The winning paper will be announced during the College of Sustainable Operations business meeting on Saturday, May 6th at this year’s POMS Annual Conference in Seattle. Thank you to all those who submitted. We had a record number of entries this year with 24 submissions, all of which were of high quality.

Book Review – Micro Cogeneration

Micro Cogeneration: Towards Decentralized Energy Systems
by Martin Pehnt, Martin Cames, Corinna Fischer, Barbara Praetorius, Lambert Schneider, Katja Schumacher, and Jan-Peter Vob, 2006

This book describes efforts to improve the adoption of small-scale cogeneration, or combined heat and power plants. I wrote a bit about CHP plants here.

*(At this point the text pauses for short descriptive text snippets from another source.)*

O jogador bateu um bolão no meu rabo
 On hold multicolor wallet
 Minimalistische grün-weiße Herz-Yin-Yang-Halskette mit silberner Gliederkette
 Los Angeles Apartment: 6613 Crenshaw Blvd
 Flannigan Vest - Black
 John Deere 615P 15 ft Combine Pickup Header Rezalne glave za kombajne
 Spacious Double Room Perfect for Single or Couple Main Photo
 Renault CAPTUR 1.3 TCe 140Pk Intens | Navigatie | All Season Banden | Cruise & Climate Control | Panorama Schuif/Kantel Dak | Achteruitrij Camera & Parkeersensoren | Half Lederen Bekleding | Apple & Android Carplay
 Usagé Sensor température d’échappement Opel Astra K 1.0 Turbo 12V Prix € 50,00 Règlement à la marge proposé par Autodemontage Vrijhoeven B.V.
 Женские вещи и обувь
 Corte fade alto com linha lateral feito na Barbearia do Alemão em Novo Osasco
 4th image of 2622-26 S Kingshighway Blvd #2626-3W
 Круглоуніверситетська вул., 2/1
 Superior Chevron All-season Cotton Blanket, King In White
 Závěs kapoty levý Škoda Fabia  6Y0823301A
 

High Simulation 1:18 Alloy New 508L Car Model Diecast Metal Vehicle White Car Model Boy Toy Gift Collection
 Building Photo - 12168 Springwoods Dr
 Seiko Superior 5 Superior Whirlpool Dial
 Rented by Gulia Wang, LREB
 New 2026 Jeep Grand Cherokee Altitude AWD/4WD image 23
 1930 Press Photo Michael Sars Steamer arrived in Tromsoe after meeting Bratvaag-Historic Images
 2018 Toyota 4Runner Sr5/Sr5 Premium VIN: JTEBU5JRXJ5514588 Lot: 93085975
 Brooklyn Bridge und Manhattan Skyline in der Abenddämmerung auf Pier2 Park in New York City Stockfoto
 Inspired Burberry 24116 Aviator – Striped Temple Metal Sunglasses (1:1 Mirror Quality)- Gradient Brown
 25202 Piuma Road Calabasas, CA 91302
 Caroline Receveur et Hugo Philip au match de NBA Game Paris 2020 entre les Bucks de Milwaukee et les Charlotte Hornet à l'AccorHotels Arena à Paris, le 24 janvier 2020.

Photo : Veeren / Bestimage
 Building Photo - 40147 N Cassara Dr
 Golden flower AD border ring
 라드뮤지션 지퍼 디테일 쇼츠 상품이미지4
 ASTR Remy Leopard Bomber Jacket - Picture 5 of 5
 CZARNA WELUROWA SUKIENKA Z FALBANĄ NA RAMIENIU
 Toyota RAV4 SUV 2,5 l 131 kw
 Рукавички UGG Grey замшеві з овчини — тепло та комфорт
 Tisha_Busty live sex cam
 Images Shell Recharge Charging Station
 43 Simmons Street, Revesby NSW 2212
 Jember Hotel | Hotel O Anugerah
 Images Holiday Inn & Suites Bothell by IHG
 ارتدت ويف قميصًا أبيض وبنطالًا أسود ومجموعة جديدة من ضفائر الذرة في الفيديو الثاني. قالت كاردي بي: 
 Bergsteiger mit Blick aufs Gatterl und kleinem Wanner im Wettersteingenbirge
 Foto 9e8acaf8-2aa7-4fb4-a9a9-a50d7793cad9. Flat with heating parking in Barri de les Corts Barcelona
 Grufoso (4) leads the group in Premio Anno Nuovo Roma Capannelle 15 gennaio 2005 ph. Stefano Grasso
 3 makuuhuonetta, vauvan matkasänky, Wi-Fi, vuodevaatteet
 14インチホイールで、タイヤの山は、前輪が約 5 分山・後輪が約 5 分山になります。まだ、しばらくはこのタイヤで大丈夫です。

This book is written for the German market, but describes the situation in the US, Europe, and Japan as well.

I didn’t read the whole book, as many of the chapters were overly technical for my interest-level. I’m mostly interested in the economic situation of CHP plants. Here are the chapters I read:
2. Dynamics of Socio-Technical Change: Micro Cogeneration in Energy System Transformation Scenarios
3. The Future Heating Market and the Potential for Micro Cogeneration
4. Economics of Micro Cogeneration
9. Embedding Micro Cogeneration in the Energy Supply System
11. Micro Cogeneration in North America
15. Summary and Conclusions

I think this quote sums up the difficulty of embracing decentralized CHP well:

Micro cogeneration… faces a selection environment that is geared towards central generation and long-distance transmission of electricity combined with separate heat production. The existing “regime” of energy provision may indeed represent a fundamental barrier for the widespread application of micro cogeneration technology, because it more or less subtly works towards the preservation of the existing structure: to which vested interests, actor networks, traditions, established mind sets, sunk costs, and more are attached.

My CHP project is looking at economic situations and policy levers in which utility ownership of CHP will be more favored.